When the VM decides to use another cluster than the specified
bank-cluster-bits (for example, due to a kernel bug), the
hypervisor is instructed to select a default cluster queue for the
faulting guest physical address.
[0089] Clusters: The guest OS is provided with the assigned
clusters, optionally using a defined bank-cluster-bits kernel
command line parameter. In Qemu the bank-cluster-bits command line
parameter is provided as an extension to the--append Qemu option.
The option in Qemu instructs the clusters allocated for the whole
VM, and is communicated via a IOTCL BANK_COLOR call to KVM
hypervisor. KVM stores cluster information to KVM struck which
includes also VM ID information.
[0090] Reference is now made to FIG. 6, which is a schematic
depicting the described Qemu/KVM command line options, in
accordance with some embodiments of the present disclosure.
[0091] The defined Qemu option bank-clusters sets the upper bound
for the overall memory banks available for all the applications
that run on each VM. Applications running on each VM cannot be
assigned more memory banks than the value set by the upper bound to
the VM.
[0092] At 406, another group of clusters banks of the DRAM 508 is
allocated to second VM 516B running on the host OS of the host
computing device 502. Different VM are allocated to different
clusters, such that memory contentions between applications running
on different VM is reduced or prevented. For example, the group of
clusters 510B-C are allocated to second VM 516B, with cluster 510A
allocated to the first VM 516A. Each VM may independently perform
mapping of its assigned clusters to the applications running on the
respective VM, which improves overall memory performance and/or
computational performance.
[0093] The second VM 516B maps each member of the group of clusters
510B-C to the applications executing on the second VM 516B. Each
member of the group of clusters defines banks of the DRAM for
exclusive use by each mapped application executing on the second VM
516B. For example, cluster 510B (i.e., banks 512C-D) is mapped to
application 514C running on second VM 516B, and clusters 510C
(i.e., banks 512E-F) is mapped to application 514D running on
second VM 516B.
[0094] Clusters of banks of the DRAM are uniquely mapped to each
application executing on each VM running on the host OS of the host
computing device. Each application executing on each VM has
exclusive use of the mapped cluster. The unique assignment of
clusters to each application of each VM prevents or reduces memory
contention between applications of the same VM and applications of
different VM.
[0095] When multiple VMs are executed by a common host computing
device, applications from different VMs are set to use different
clusters. Each VM is set with non-overlapping bank cluster bits,
for example, using a defined Guest OS kernel command line parameter
(e.g., bank-cluster-bits) and Qemu bank-clusters--option.

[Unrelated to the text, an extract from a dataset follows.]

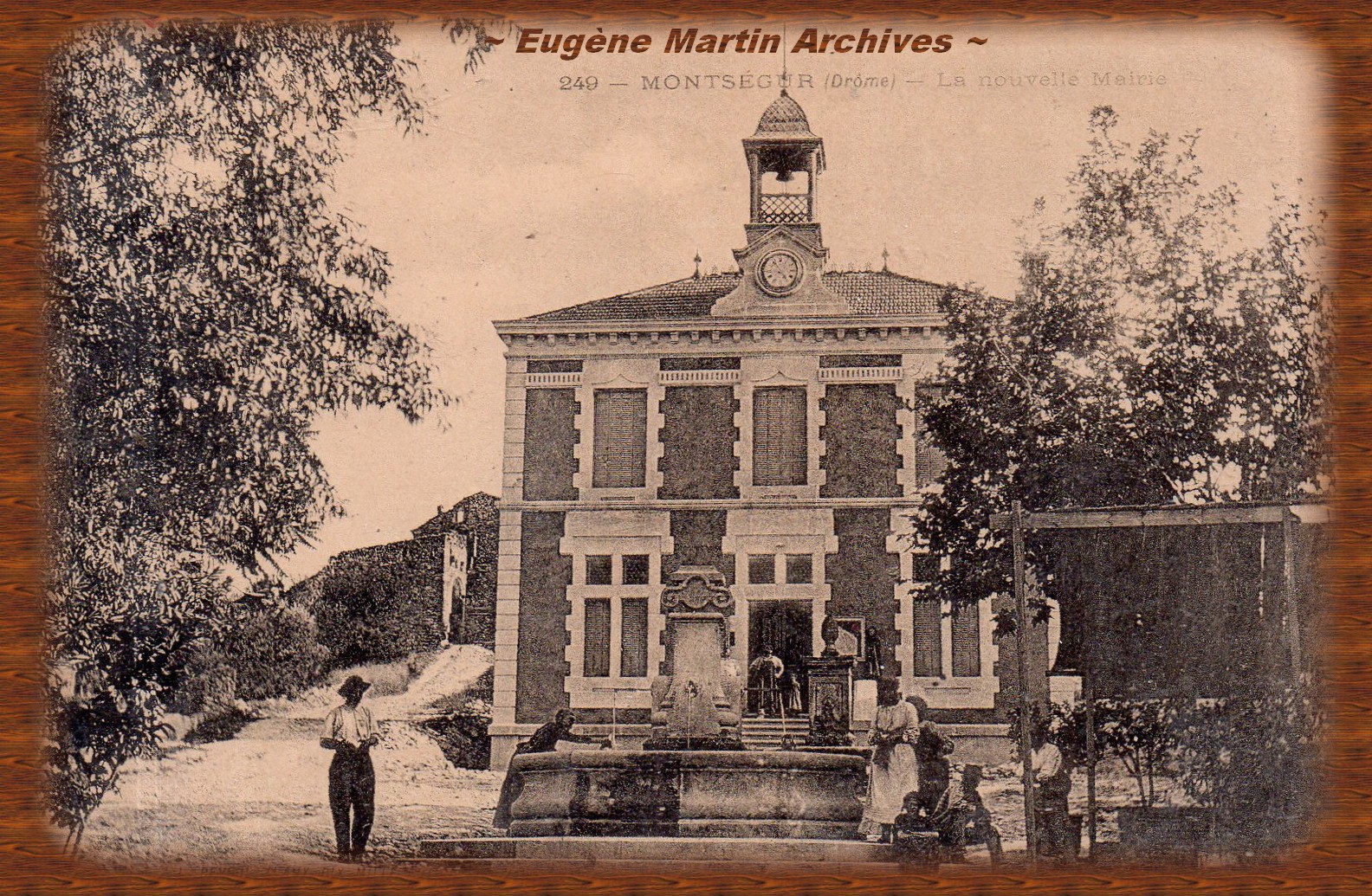 Mairie de Montségur (1900) O MI RAlVE... O mi raive d’amour, dins aquest jour d’autouno Que sèmblo esperlounga lou rire dóu printèms, O mi raive d’amour que la joio acantouno, Liuen de voste trelus me tendrés-ti long-tèms? Vuei, dins l’inmènso pas clafido de poutouno E sout l’esbléugimen d’aquéu tardié bèu tèms, Sèmblo que la douçour pauso uno grando touno Sus l’amarun sèns noum que tourna me retèn. E la pas d’aquest jour m’es un doulènt suplice, Coume un perfum jitant sis estràni delice E que vau m’endourmi dintre li tencho d’or. E vese mi pantai coume uno voues que canto Bèn liuen, e s’enfugis, cercant un nouvèu port. Pentènt qu’un làngui vèn e qu’à-cha-pau s’encanto Sout lou soulèu tant car à mi peno de cor ! Eugène Martin -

[0096] The hypervisor 522 includes code to support designation of
different clusters of banks 510A-C to different applications
running on each VM 516A-B, which may be implemented as described in
the following exemplary implementation In the VM creation phase,
the defined Qemu bank-clusters denotes the available clusters of
banks for the VM process considered in its entirety (that includes
applications running on the VM). The available clusters of banks
are provided to the KVM hypervisor using a defined IOCTL
BANK_CLUSTER call. The hypervisor stores the bank cluster data in a
KVM struct or in VCPU struct for the threads.

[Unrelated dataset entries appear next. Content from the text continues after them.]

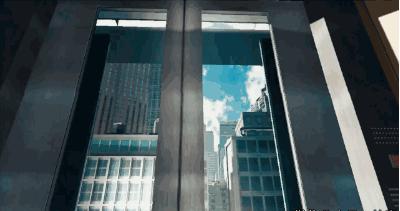 坐电梯时突然停电怎么办,电梯突然停电出现下滑正常吗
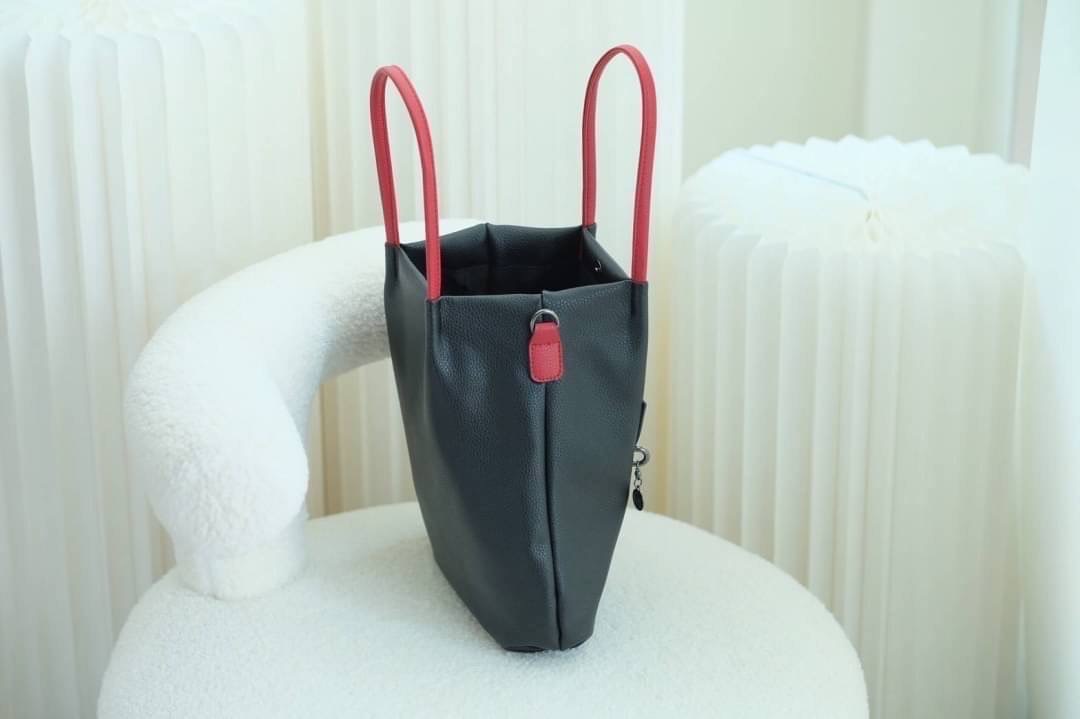 มาอีกรอบละจร้าาา‼️ ฮิตที่สุดใน Japan🇯🇵 ต้องใบนี้เลย กระเป๋า Alice and Olivia น่ารักน่าใช้มากๆ ไม่ต้องไปหาซื้อไกลถึง japan 🇯🇵 ด้านในใส่ของได้จุ มีช่องซิบหลายช่อง ถือได้สะพายได้เลย so cute สุดๆเลยค่า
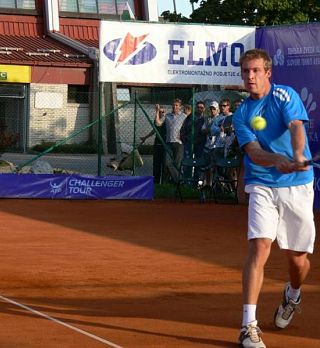 SUPER: Grega Žemlja deklasiral Veića v četrtfinalu!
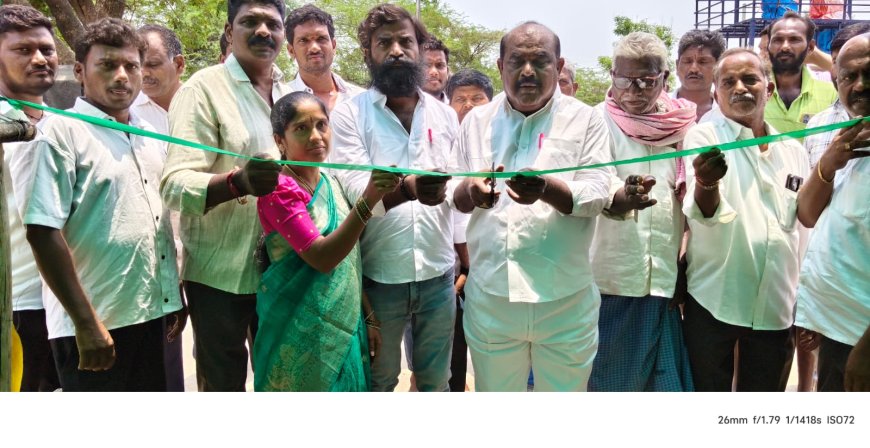 బిఆర్ఎస్ ఆధ్వర్యంలో చలివేంద్రాన్ని ప్రారంభించిన మండల అధ్యక్షుడు కొమ్మిడి ప్రభాకర్ రెడ్డి  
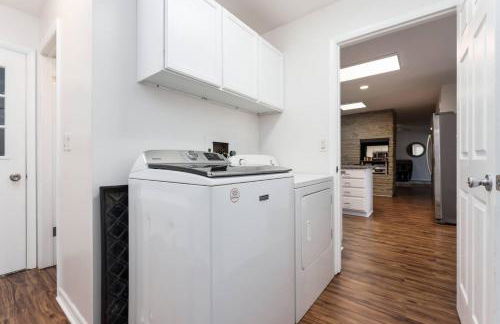 Epic Indoor Pool w/slide & hot tub close to beach - Foto 38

[0097] At 408, a virtual memory page fault associated with a
certain application (e.g., 514A or 514B) executing on common VM
516A is handled.
[0098] Based on the above described exemplary implementation, in
case of page fault due to the guest physical address the second
level page fault handler at first reads VM ID in order to associate
the faulting VM to the associated KVM struct. Depending on the
processor architecture, the VM IS may be read from VTTRB register.
The obtained VM ID may be used against the KVM/VCPU struct which
also includes the VM ID to check the cluster bits for the VM.

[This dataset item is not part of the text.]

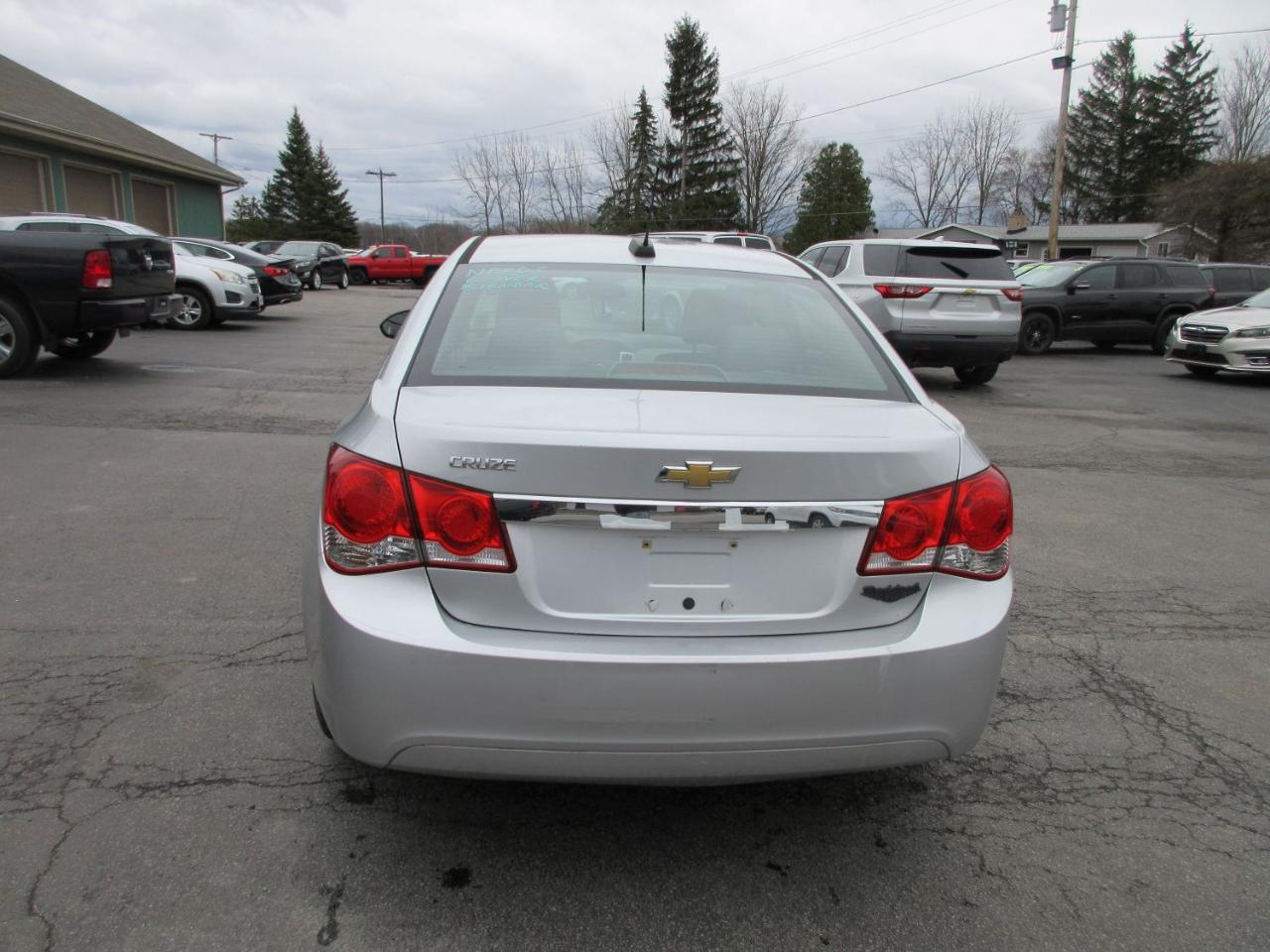 Chevrolet Cruze LS Auto 2015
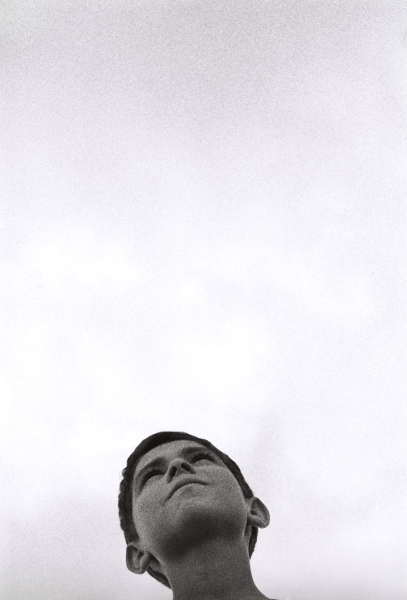 Nicène Kossentini,  poétique de l'éphémère : J’ai vu le ciel, photographie, impression archive sur papier coton, 2009 © Selma Feriani Gallery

[0099] Reference is now made to FIG. 7, which is a flowchart
depicting page fault handing using other methods that do not
consider applications executing on a VM, for example, the BPM
method to help understand implementations of the present
disclosure.
[0100] At 702, a page fault is detected by the host OS. The page
fault occurs when a process attempts to allocate more memory than
the host OS allocated to the process using bank colors, for
example, from the process structure such as process
task-struct.
[0101] At 704, the process ID and bank color allocated to the
process is checked.
[0102] At 706, the process ID and bank color are provided to the
buddy allocator for allocation of memory pages from the allocated
bank queues based on bank color. When other methods (e.g., BPM
method) are implemented, the second level page fault handler
requests a page from the buddy allocator without a specific policy.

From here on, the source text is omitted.